**Exercise requirements**
Below are records that should be duplicated exactly, with no image retained.

**Dataset content**

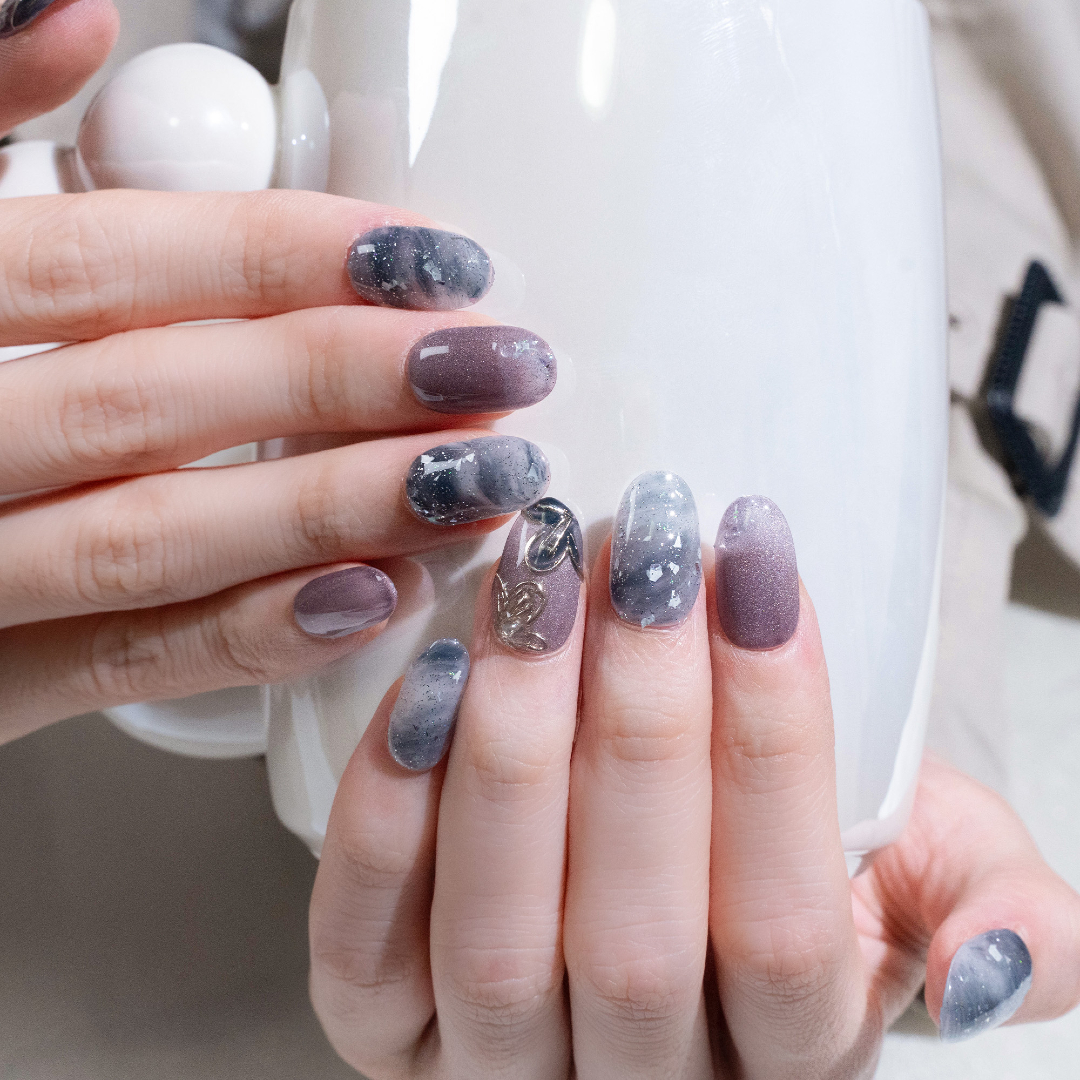 SunBeamNails's tweet photo. Perfect for the calm seasons—soft, smoky elegance.

落ち着いた季節にぴったり。スモーキーで上品なデザイン https://t.co/p01jMyW7Oq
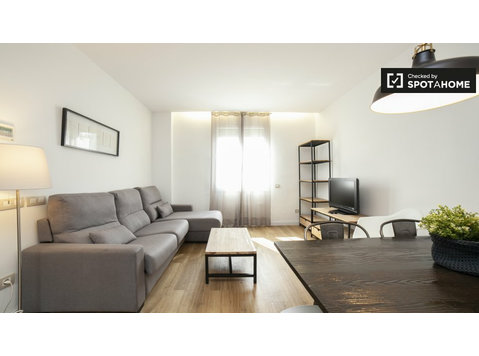 Apartamento de 2 dormitorios en alquiler en El Raval,… - Pisos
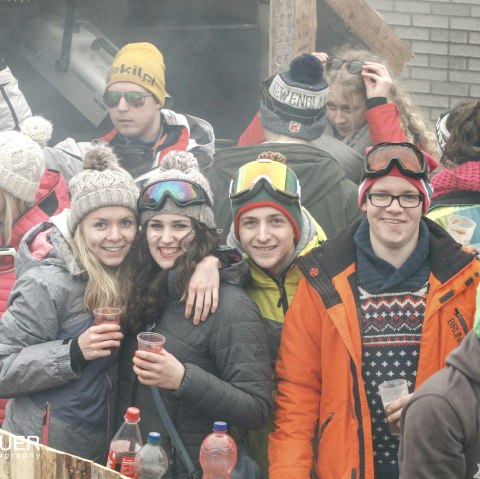 Stimmung beim Karnevalszug, &copy; SVENBAUERPhotography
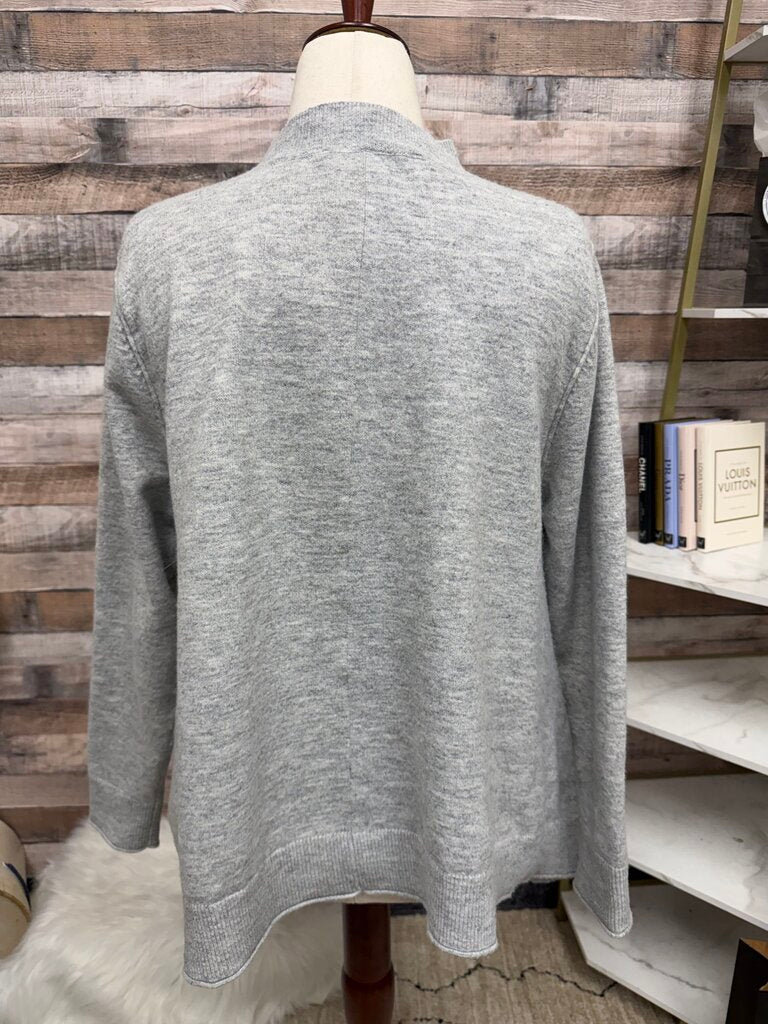 M-Rena gray v-neck button front cardigan
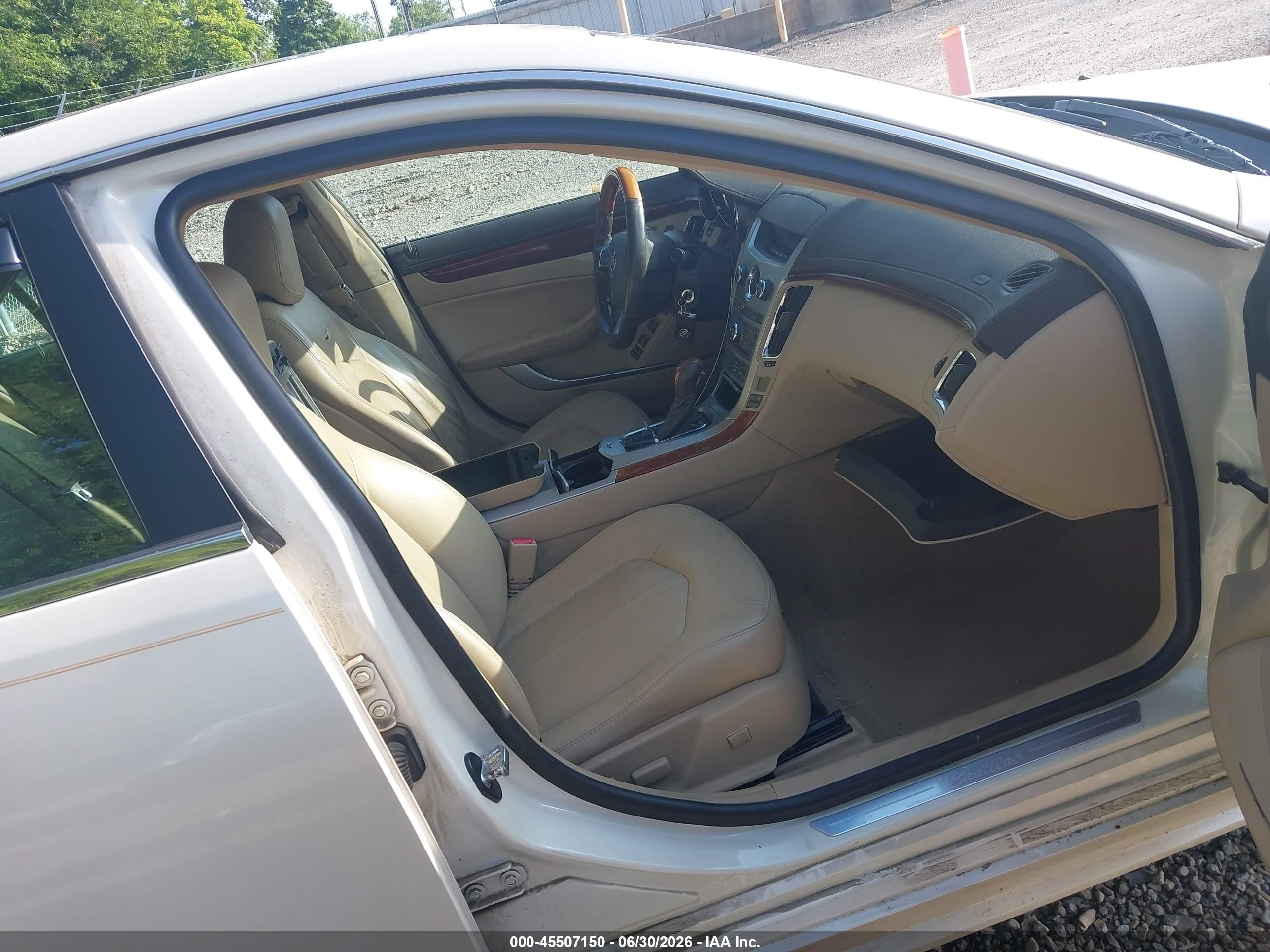 2011 Cadillac Cts Luxury White vin: 1G6DG5EY4B0153513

**Finished task**
 SunBeamNails's tweet photo. Perfect for the calm seasons—soft, smoky elegance.

落ち着いた季節にぴったり。スモーキーで上品なデザイン https://t.co/p01jMyW7Oq
 Apartamento de 2 dormitorios en alquiler en El Raval,… - Pisos
 Stimmung beim Karnevalszug, &copy; SVENBAUERPhotography
 M-Rena gray v-neck button front cardigan
 2011 Cadillac Cts Luxury White vin: 1G6DG5EY4B0153513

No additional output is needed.